Coding Challenge #97 - Bitcask
This challenge is to build your own Bitcask storage engine and learn about log-structured hash tables.
Hi this is John with this week’s Coding Challenge.
🙏 Thank you for being one of the 89,613 software developers who have subscribed, I’m honoured to have you as a reader. 🎉
If there is a Coding Challenge you’d like to see, please let me know by replying to this email📧
Coding Challenge #97 - Bitcask
This challenge is to build your own Bitcask. Bitcask is a log-structured hash table for fast key/value data storage and retrieval. Bitcask is the default storage backed for the Riak key-value store.

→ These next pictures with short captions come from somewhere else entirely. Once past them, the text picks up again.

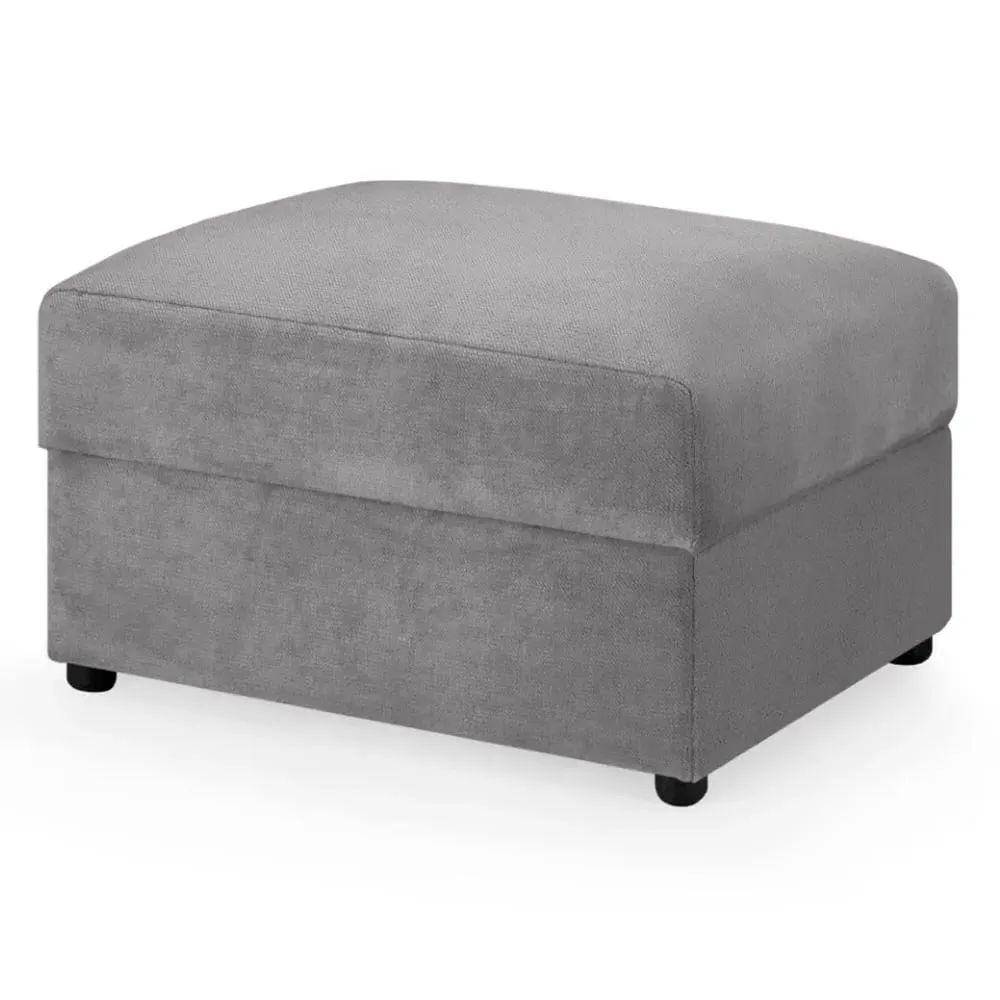 Millburn Foot Stool - Grey, Velvet image
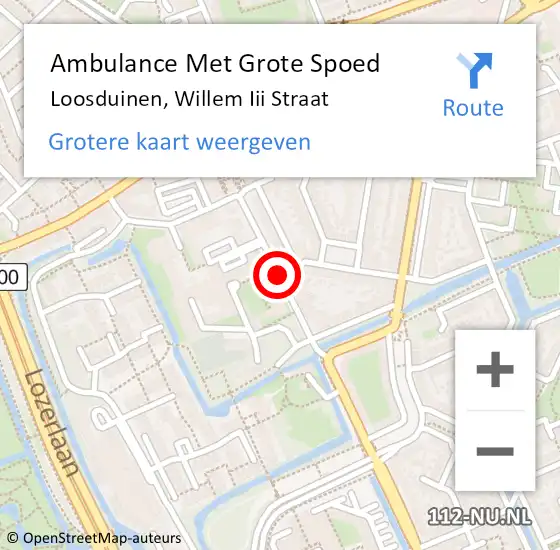 Locatie op kaart van de 112 melding: Ambulance Met Grote Spoed Naar Loosduinen, Willem Iii Straat op 3 mei 2019 08:37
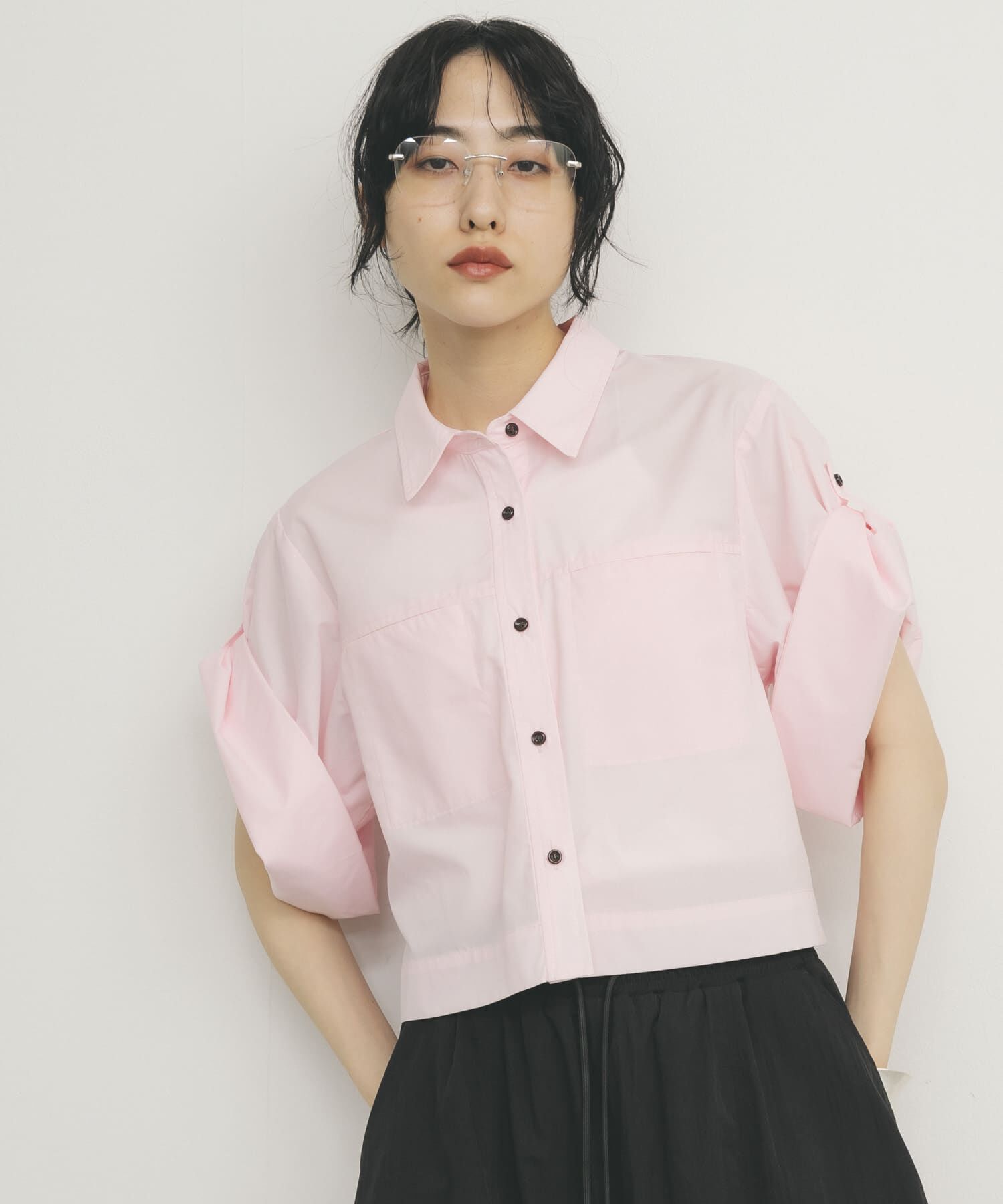  「クロップドハーフスリーブシャツ」|シャツ・ブラウス|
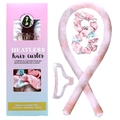 Pink and blue tie-dye heatless hair curler set with satin scrunchies and plastic claw clip - Dusty Pink Tie-Dye (With Clear Round Clip)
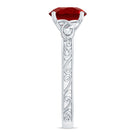 Solitaire Created Ruby Celtic Knot Ring with Diamond AAAA - Rosec Jewels
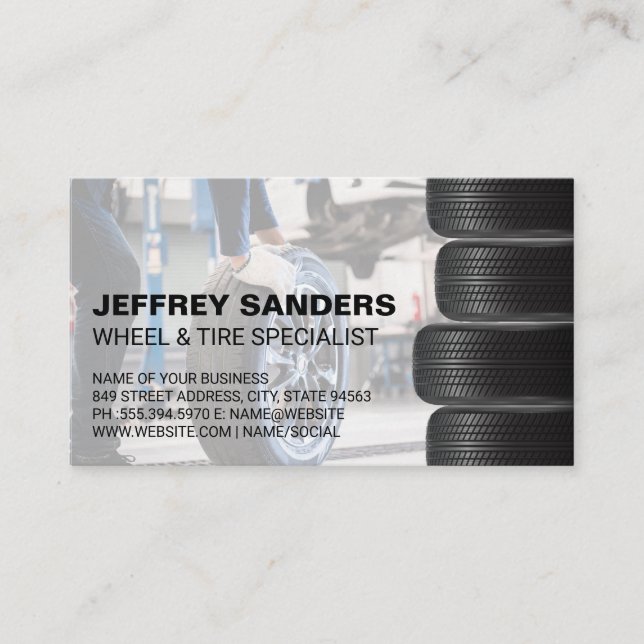 Wheel and Tire Services | Car Repair Business Card (Front)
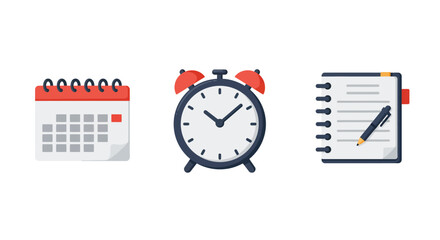 Fototapeta premium Flat-style Icons - Calendar, Alarm Clock, and Notebook with Pen Time Management Symbols.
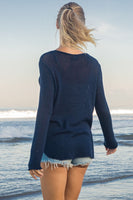 Wooden Ships Boat Babe V Cotton Style K50CPE3W604 in Darkest Indigo Beach Sky;Boat Babe Sweater;Wooden Ships Sweaters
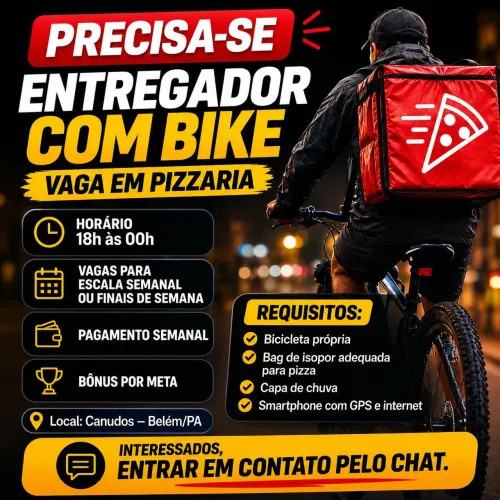 Vaga para Entregador com Bike para Pizzaria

The creators of Riak describe Bitcask as “A log-structured hash table for fast key/value data”. What does that mean? It means that Bitcask writes data to an append-only log file and uses an in-memory hash table to keep track of the positions of its log entries. They chose this approach as it provides high read/write throughput and is relatively easy to implement and reason about.
Their specific technical goals were:
Low latency per item read and write.
High throughput, especially when writing an incoming stream of random items.
The ability to handle datasets much larger than RAM without performance degradation.
Crash “friendly”, meaning it provides fast recovery and zero to minimal data loss.
Easy to backup and restore.
A relatively simple, understandable (and thus supportable) codebase and data format.
Predictable behaviour under heavy access load or large data volume.
You can read more about Bitcask in the Bitcask paper.
🚨Would You Like To Learn Go By Building Coding Challenges! 🚨
I’m running the Coding Challenges Learn Go By Building Live Course again in September.
It is a live course that runs for three working weeks from September the 15th to the October the 3rd. During the course I’ll introduce you to ever aspect of Go that you need to build the following five real-world projects (based off five of my coding challenges):
🏗️ cat - By building cat you learn how to build and run command line programs in Go.
🏗️ sort - By building sort you learn how to use Go's data structures and control flow to implement sort.
🏗️ curl - By building curl you learn how to write network clients in Go.
🏗️ wc - By building wc you learn how to process text data and handle locales with Go.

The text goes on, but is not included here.